表1で石破と高市の自民党党員・党友票1位の県数を示した。決戦投票ではこの県数に応じて1票が加えられる。両者の地域性はあまりに明確である。
石破は東日本・山陰・四国・九州(加えて山梨・岐阜・静岡・滋賀・和歌山)の農村部、高市は首都圏・北陸・近畿・山陽(加えて宮城、長野、愛知、三重、香川・福岡・長崎)という太平洋ベルト地帯とその外縁でトップになった。
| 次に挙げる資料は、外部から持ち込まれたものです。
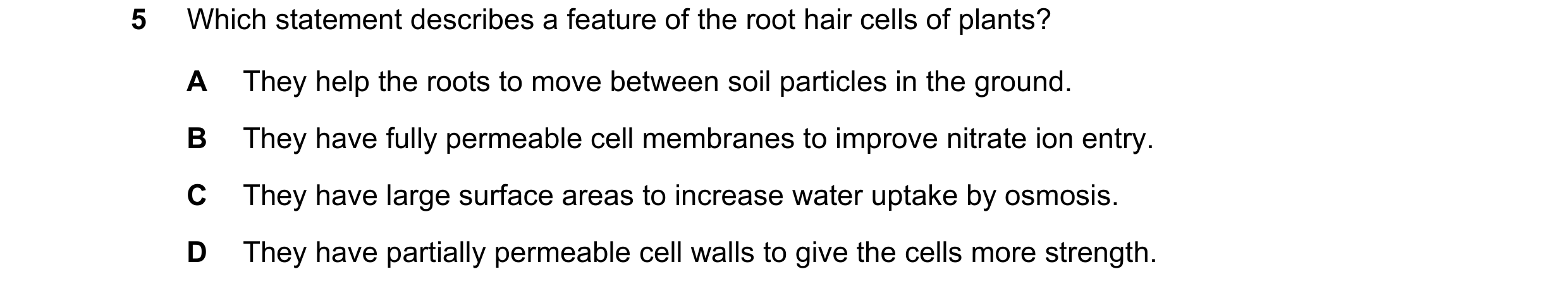 Question 18: Which statement describes a feature of the root hair cells of plants? A They help the roots to move between soil particles in the ground. B…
これは日本の地域格差の正確な反映であり、地方の声を裏切ったら石破政権はもたない。
「地方創生」は地方を裏切らないか
石破は所信表明演説(10月4日)で、ルール・日本・国民・地方を「守る」とした。「地方を守る」では、「地方創生交付金を当初予算べースで倍増」、「デジタル田園都市国家構想実現会議」等を強調した。次いで農林水産業は「地方の成長の根幹」であり、「国家安全保障の一環」だとして、「その持てる力を最大限引き出し」、「農林水産物の輸出をより一層促進」するとした。
所信表明演説で一次産業にこれだけのスペースを割いた首相は恐らくいないだろう。その点は高く評価されるが、内容的には「輸出」を除いて具体性がない。
「地方創生」は、石破が安倍内閣の初代地方創生大臣になったこともあり、彼の持論だが、そもそもは安倍が「ローカルアベノミクス」として打ち出したものだ。それは、自治体にたった1年で「地方版総合戦略」を申請させ、国が上から選別する中央集権手法であり、自治体は計画作りに疲労困憊し、コンサルに依存せざるを得なかった(岡田知弘、JAcom10月15日)。
それを「地方創生2.0として再起動」されたのではかなわない。
あれから10年、IT・AI技術は格段に進歩し、産業の大都市集積効果は著しく減じ、国内回帰する企業や日本進出する外資は、土地・水・労働力を求めて「地方をめざす」時代だ。その象徴がTSMC(台湾積体電路製造)の熊本県進出で、そこでは地価・労賃は高騰し、農地は貸し剥がされ、農企業体等も苦境に陥っている(奥野修治「売られる農地 消える農家」『週刊新潮』8月1日号)。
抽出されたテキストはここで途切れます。